If all the sensor boards are required to do is communicate that a motor revolution has occurred, then I would use a much simpler interface. The US1881 that I referred to earlier can work from a 12V supply.

You need to know the maximum motor RPM (hence the maximum pulse rate), to determine whether one Arduino can manage the data from 55 sensors concurrently.

Looks like your idea is a goer. Will get the US1881's tomorrow. The upper limit is 5500RPM @ 22km/ph normally user will do 18km/ph on the treadmill, but the device is being used in a competition scenario,
so the treadmill motors get pushed to the max.

Thanks for all your help, i may come back and ask more questions tomorrow.. :slight_smile: hopefully not.

5500rpm is nearly 100rpm, or 1 pulse every 10ms. That's faster than I was expecting. Here are a couple of issues you might face:

  1. Keeping the motor sufficiently well balanced when you glue magnets to a rotating part. A US1881 needs to see a N pole followed by a S pole, so you can glue 2 small magnets on opposite sides of a suitable rotating part. However, at 100 revs/sec, any imbalance will cause vibration. You might better of sticking with optical sensing, especially as the necessary hardware is already in place.

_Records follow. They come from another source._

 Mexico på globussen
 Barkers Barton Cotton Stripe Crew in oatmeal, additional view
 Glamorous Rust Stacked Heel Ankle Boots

  2. The US1881 will generate a 1:1 square wave if you position the magnets diametrically opposite each other (so will a suitably-designed optical pickup). To register a pulse, then Arduino needs to see a high and a low state. So you need to sample and process each input at intervals of 5ms or below. I would aim for 3ms in case the pulses are not quite square. That's one input every 55us on average. That's easily doable, especially if you read all the inputs from a shift register using SPI at maximum rate. But if you are not careful, then any I/O or writing to flash that you do may cause pulses to be lost.